Afin de disposer des potentiels humains suffisants pour suivre et mener ces évolutions structurelles, il s’agit de casser la linéarité des parcours et de construire des carrières plus flexibles reposant sur le triptyque « formation académique / expérience acquise dans les postes occupés / formation continue ». Les parcours professionnels dans le domaine scientifique sont construits dans un esprit de transversalité, facteur clé de succès. Ils offrent ainsi une garantie de sédimentation des savoirs et d’enrichissement des expériences par des approches diversifiées. Sortant d’une approche en silo, l’officier épouse un parcours dual, alternant des temps opérationnels sur des postes de cadre généraliste, qui constituent également des temps d’inspiration, où il peut exercer des commandements, et des temps d’environnement sur des postes de cadre à haute qualification technique ou des postes d’expert chez des employeurs différents, en structure intégrée comme en mobilité extérieure.
“Pour la Patrie, l’Honneur et le Droit !”
Cette stratégie de gestion posée, l’adhésion du personnel pour s’inscrire dans ces parcours exige de lui donner accès à l’information et de lui offrir une capacité de projection. Cette ambition du plan de transformation RH mobilise pleinement ces nouveaux talents et met en action des leviers numériques. Dans le sillage de la révolution numérique, la gendarmerie poursuit sa transformation afin de conjuguer ses forces humaines au rythme des évolutions de la société et en adéquation avec les attentes croissantes de nos concitoyens, pour demeurer en symbiose avec les enjeux de sécurité de notre temps.

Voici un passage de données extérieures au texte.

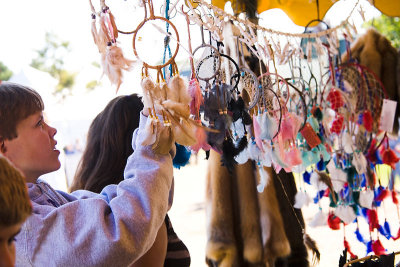 .. boys checking out the dreamcatchers....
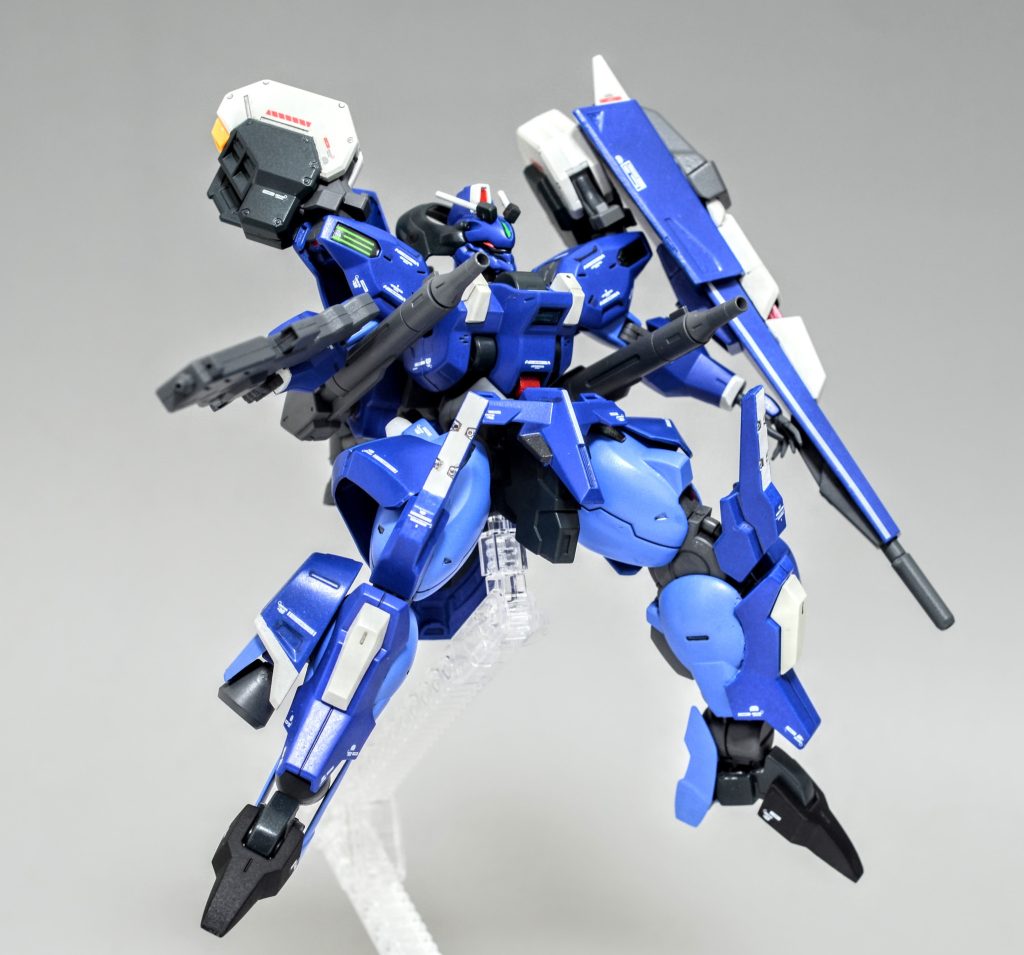 しかしそれはスレッタの罠だった。背後からのビット攻撃を狙ったスレッタがわざと隙を見せたのだ。Ex-AガンダムのビットがD-Vの背後へ向けビームを発射！しかしグエルは直前で機体を翻しビームキャノンで迫りくるビームを撃ち落としたのだった。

Consciente que ses succès de demain résideront dans sa capacité à réagir et à s’adapter, l’offre de gestion doit déceler, développer et valoriser nos talents numériques, pour les fidéliser au sens donné à leur engagement : « pour la Patrie, l’Honneur et le Droit ». Cette équation de valeurs, qui donne à la gendarmerie sa devise, n’est pas exclusive des Sciences, ni de la Gloire.